Olah Roso Bersama Paseduluran Jemparingan Langenastro

EDP Yogya – Halaman kosong di timur Alun-alun Selatan Yogyakarta itu sehari-hari menjadi tempat parkir kendaraan wisata yang tiap malam mangkal di Alun-alun Selatan. Sebagian sisinya dibiarkan kosong ditumbuhi rumput setinggi mata kaki. Di ujung lahan kosong itu terdapat dua benda tergantung berwarna putih dengan sedikit warna merah di bagian ujungnya. “Itu namanya bandhulan,” jelas Hafiz Priyotomo, Sekretaris Paseduluran Jemparingan Langenastro (PJL) saat Eliminate Dengue Project (EDP) Yogya berkunjung dalam gelaran Wolly Mubeng Jogja (WMJ) Jumat, 19 Mei 2017.

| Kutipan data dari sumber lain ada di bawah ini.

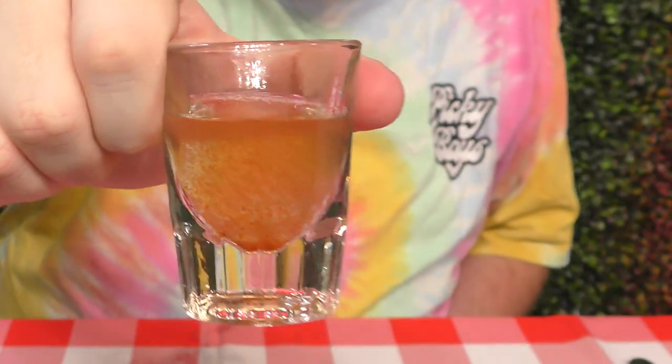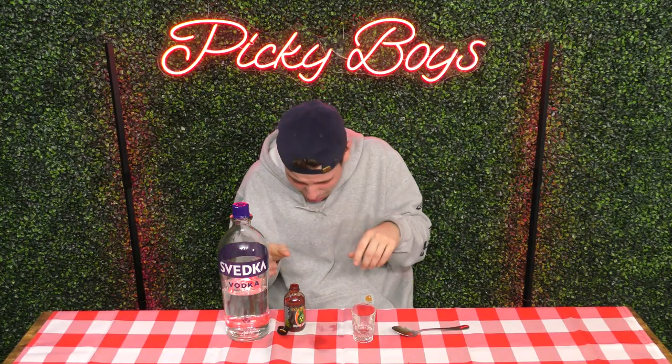All right, here we go. Immediate — immediately. That is the bomb. Little hiccups, immediate hiccups. That's hot. So bad. Did it work? Yeah — chase it with it. You sick, sick man. I'd rather just take the shot. Just give it to me straight. I think that one worked. I don't feel good. Next.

Ket. gambar: Hafiz Priyotomo bercerita tentang budaya Jemparingan kepada staf EDP Yogya.

Olah raga memanah tradisional dengan bandhulan sebagai sasaran tembak ini memang sedang naik daun. Beberapa kali olah raga memanah dengan posisi duduk ini menghiasi pemberitaan media. Namun bukan itu yang menjadikan EDP Yogya mengunjungi komunitas PJL. “kami sangat menghargai komunitas yang punya komitmen tinggi melestarikan budaya tradisional,” jelas Sylva Haryosaputro, staf EDP Yogya yang memimpin WMJ sore itu. Tak hanya belajar memanah, ia dan rekan-rekannya juga menyampaikan sosialisasi tentang metode Wolbachia kepada anggota PJL yang menyatakan siap membantu menyebarkan informasi tentang penelitian pengendalian DBD ini.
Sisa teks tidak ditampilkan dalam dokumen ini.